首先,孟老在书法界与文物界立了一大功。他恢复与修复了刘邦《大风歌》刻字残碑!1984年开始,他历时三年,把汉代《大风歌》碑所缺的“歌、飞、扬、威、故、乡、安、四、方”这九个字的原碑字形全部查考出来,使得千年古碑“破镜重圆”,在书坛产生较大影响。应该说,这充分体现了孟老的历史文化使命感与责任感,也是他书法功力的呈现,可谓光耀千秋、泽被后世。
孟昭俊先生主持修复的《大风歌》刻字碑
篆书《大风歌》
隶书《大风歌》
草书《大风歌》
其次,孟老在书法成长史上受到大家林散之先生的当面教导,这个经历很珍贵。1982年9月,孟昭俊先生到南京拜访林老,“一日三登其门”,得到书法“心经”。书面笔记有保留,在此不妨与书法爱好者分享:
你要加强学楷书和行书,要规规矩矩地学,不能好奇。古大家也只有写行书,写草书少。如苏东坡、黄山谷、米南宫等人都是写行书。草书千万不能学,把字写坏了。你不要看我写草书,我到七十岁才写草书。字写油滑了、无根了,因为楷书、行书未好好立下根本基础,一下骤然入到草书,非滑不可。你回去要立志学楷书,写十年二十年转入行书。千万不能学草书,草书是不容易的。要知道用笔用墨之道,“笔墨”二字古人千言万语谆谆言之,一离笔墨不知笔墨岂能写字,今人东涂西抹而已,谈不上笔墨。你托人买一本《黄宾虹画语录》,细细阅读,上面有些不懂之处拿来问我,写字画画皆重笔墨。黄先生论之详细……南京、上海各书店都有出售,每部一册只几角。楷书写汉碑、礼器、张迁、乙瑛、礼器后碑,行书释弘仁集、王羲之三藏碑、兴福寺碑,王羲之书。
林散之指导孟昭俊习书笔记
林老关于不要轻易学草书、写草书的观点,确实振聋发聩!我本人依次初学过篆书、隶书、楷书、行书、草书,也感到草书最不容易掌握,容易乱写。从性格自由的角度,我比较喜欢行书。林老要求写十年、二十年楷书再写行书,可能对青少年适用,对我等成年人来说,有点太苛刻,时间来不及了。人生苦短,还有多少个十年、二十年?

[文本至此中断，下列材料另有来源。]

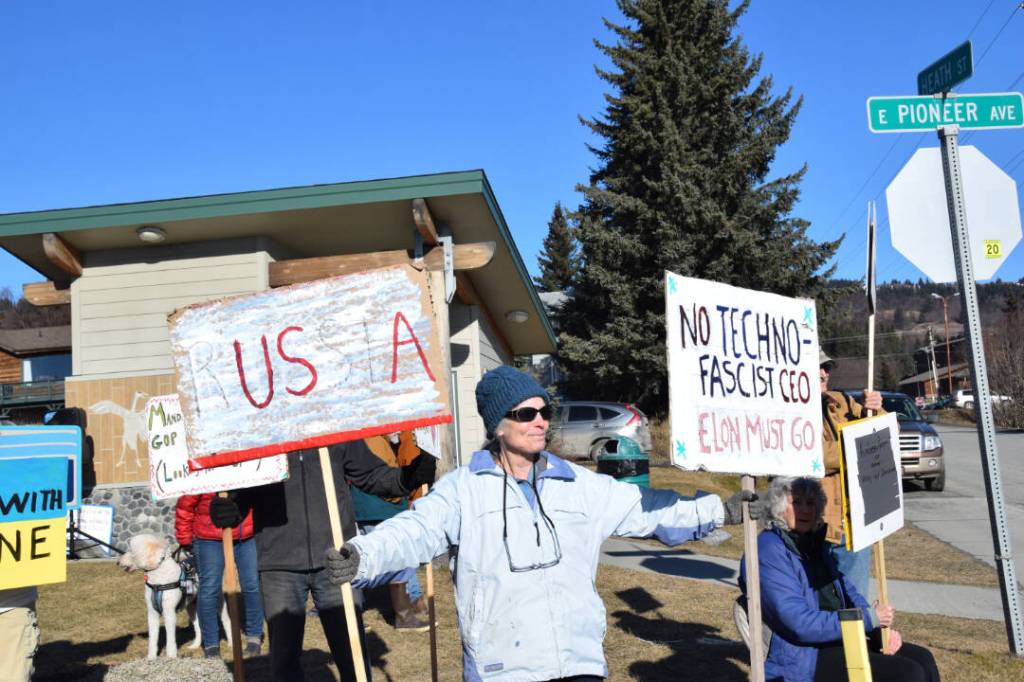 A community member holds up protest signs during the Stand for Democracy Rally on International Womens Day, March 8, 2025, at WKFL Park in Homer, Alaska. (Chloe Pleznac/Homer News)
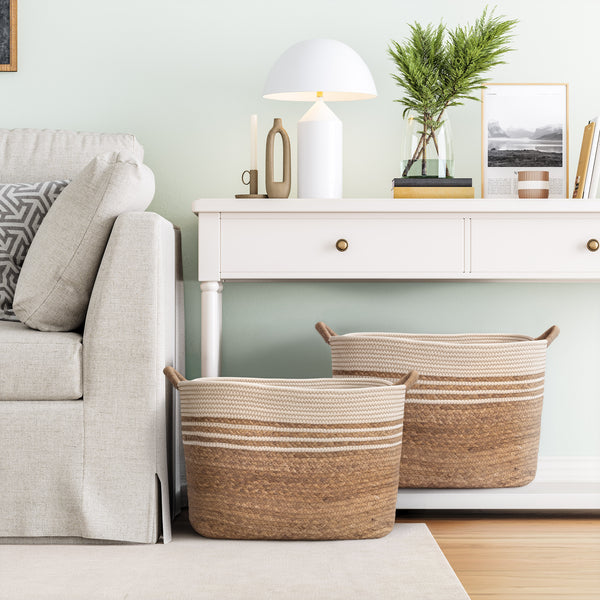 Two woven storage baskets in natural beige and brown tones with cream stripes, placed on the floor in a styled living room beside a light gray sofa and a white console table.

然而,我从孟老的书法里确实看到了他的楷书、行书功底相当深厚,没有辜负林老的谆谆教导。而且,孟老的篆书、隶书、草书也很出色,绝对不油滑,无不力透纸背、入木三分,且有灵动之气。
再次,孟老通过书法弘扬、传播古典文学与古典文献,赏心悦目、沁人心脾。一件件作品,都是再创造,内容形式相得益彰。静下心来,或整体审美、或局部欣赏,都是难得的艺术享受。子曰:“言之无文,行而不远。”情辞文采,插上书法艺术的翅膀,不是行得更远吗?
至于书法个性,仁者见仁、智者见智,今人不可能完全复制或者超越古代书法家,在笔墨上自成一家是相当不简单的。君不见,那些所谓书法家协会主席、美院教授的书法,又如何?孟老终身认真对待书法、敬畏书法、实践书法,已经是难能可贵了。他没有玩噱头,没有自封天下第一,却很低调、谦逊,应该说人品、书品都堪称赞。
愿传统书法在孟老们的坚持与弘扬之下,让“江湖书法”骗子们更加无处遁形,书法界逐步天朗气清!